Il secoue la tête comme lassé de mon pessimisme.
- Il faut se mouiller pour savoir nager, Aya.
J'hausse les épaules. Il aura toujours le dernier mot toute manière, ça ne sert à rien de persister. Autant avec lui que Siskann, les deux peuvent rendre fou n'importe quel idiot qui entrerait dans leur débat.
En parlant de ce dernier, il entre dans ma chambre et fait signe à Tyko de nous laisser un instant. Le maître de feu s'exécute et referme derrière lui, nous isolant complètement du monde extérieur. Les yeux violets contre les yeux blancs, la destructions contre la raison. J'aime cette tension entre nous, cette énergie qui explose à chaque fois que nos regards se croisent. Il s'approche de mon lit et s'y assoit, faisant attention à pas trop brusquer mon corps affaiblit et bien affalé sur le matelas.

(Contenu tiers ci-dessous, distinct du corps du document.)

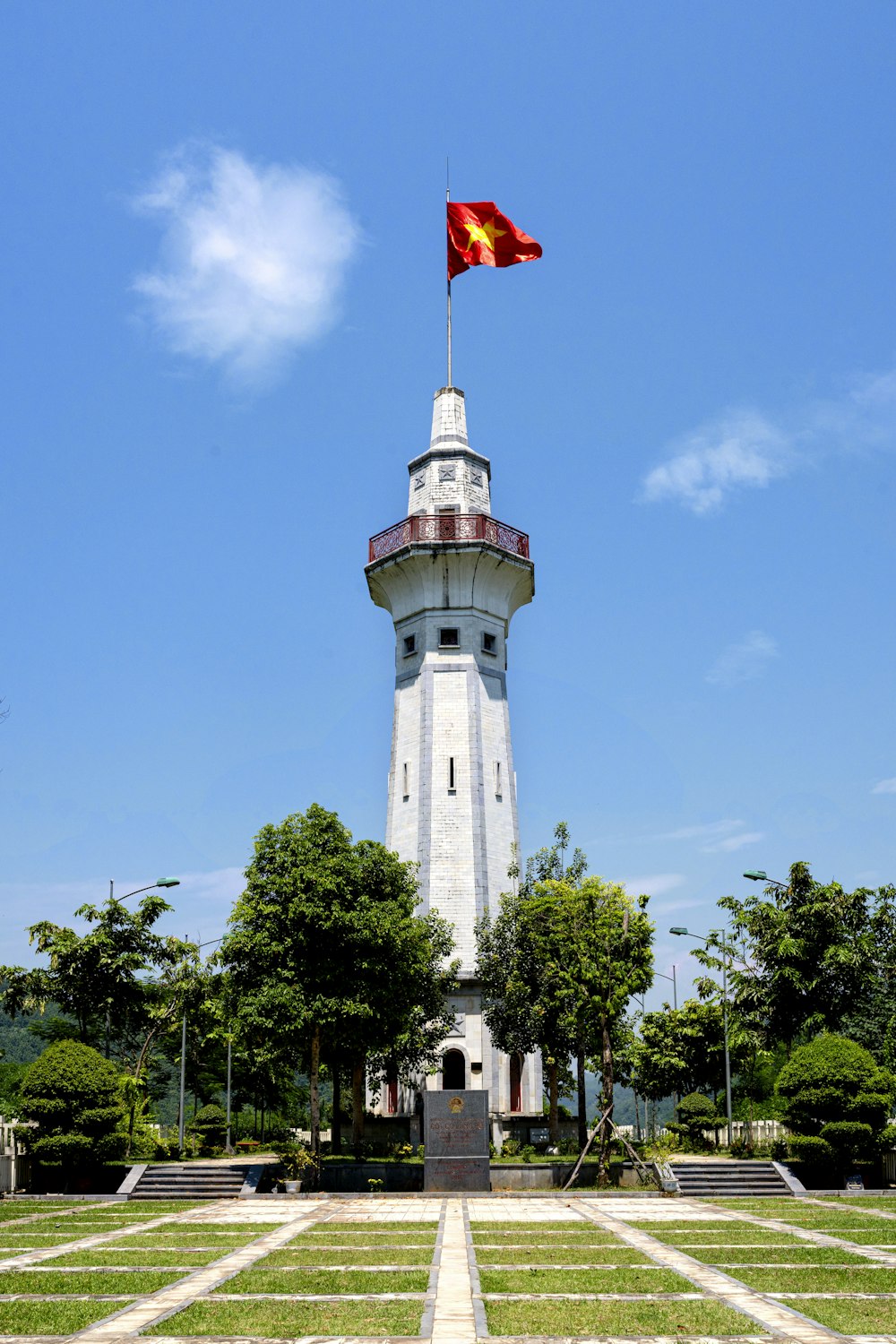 a tall tower with a flag on top of it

- J'ai... tout détruit, je sais. Pas besoin de me le dire, soupire-je en levant les bras comme si c'était dramatique (et ça l'est). Je sais ; j'ai fait un sort interdit. Je sais ; je n'aurais jamais dû le faire sur Tyko. Je sais ; le pouvoir qui coule en moi est puissant et je dois faire attention à ce que je fais si je ne veux pas réduire en cendre la planète. Je sais. Et j'accepte la punition car je...
- Non, tu ne sais rien, coupe-t-il en se laissant tomber sur le lit, près de moi.
Son regard dévie sur les quelques livres posés sur mon bureau ; mes occupations quand je ne passe pas mon temps à m'entraîner.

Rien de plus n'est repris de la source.